Roopa Radhakrishnan of The Times of India gave 3/5 stars and stated "The film's politics needs to be applauded. But there could have been more nuance in the way the conflict resolved. It could have been more than just a piece of convenient writing". Latha Srinivasan of Hindustan Times stated "Aishwarya Rajinikanth’s Lal Salaam is a social drama with a message. And the audience will love Rajinikanth as Moideen bhai and hopefully, they’ll take back home and to heart what he says on screen. Humanity above all". Janani K of India Today gave 2.5/5 stars and stated "While the first half of the film is uneven due to forced staging, the messaging comes together in the second half, leaving viewers with a satisfying aftertaste".

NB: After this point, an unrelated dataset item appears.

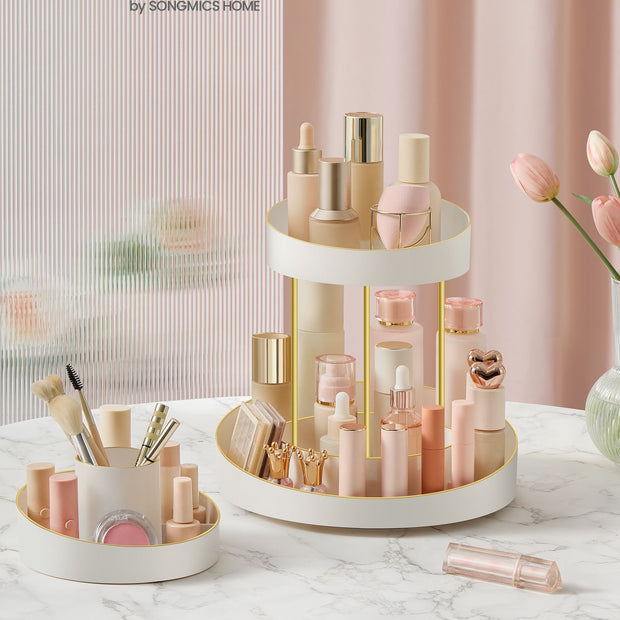 Make-up-Organisator rotatable mit zusätzlicher Schüssel mit goldfarben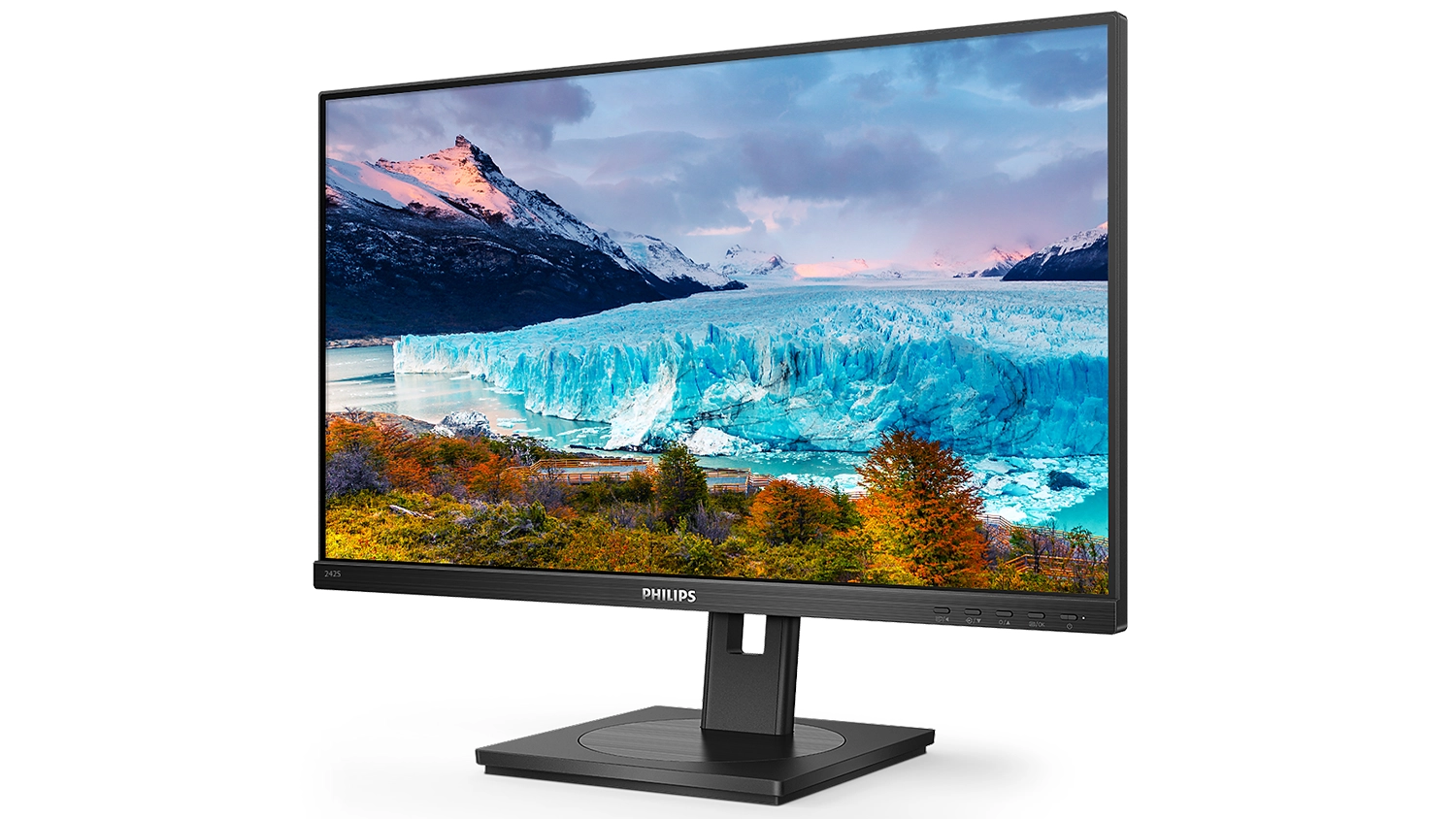 Pohled &scaron;ikmo zepředu na monitor Philips 242S1AE/00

Ram Venkat Srikar of Film Companion stated "The social message is important, no doubt about it, but it's also important that the strong message exists in an equally strong film. That's where Lal Salaam misses the mark". Kirubhakar Purushothaman of The New Indian Express gave 2.5/5 stars and stated "Lal Salaam is a winner if films are supposed to be noble message churning machines. But if cinema is considered to be much more than the takeaways and moral of the story, we only have a middling film with a topical and much-needed message for the country". Sudhir Srinivasan of Cinema Express gave 2/5 stars and stated that "a film, in which Rajinikanth seems quite willing to shed his star image in pursuit of story-related pleasures, in pursuit of progressive politics, deserves to be more emotional, and more powerful".

Bhuvanesh Chandar of The Hindu stated "Lal Salaam is the kind of film you wish you liked for how noble its intentions are. But that’s all you are left to feel for a film that doesn’t try enough to give you more, anything refreshing or anything novel".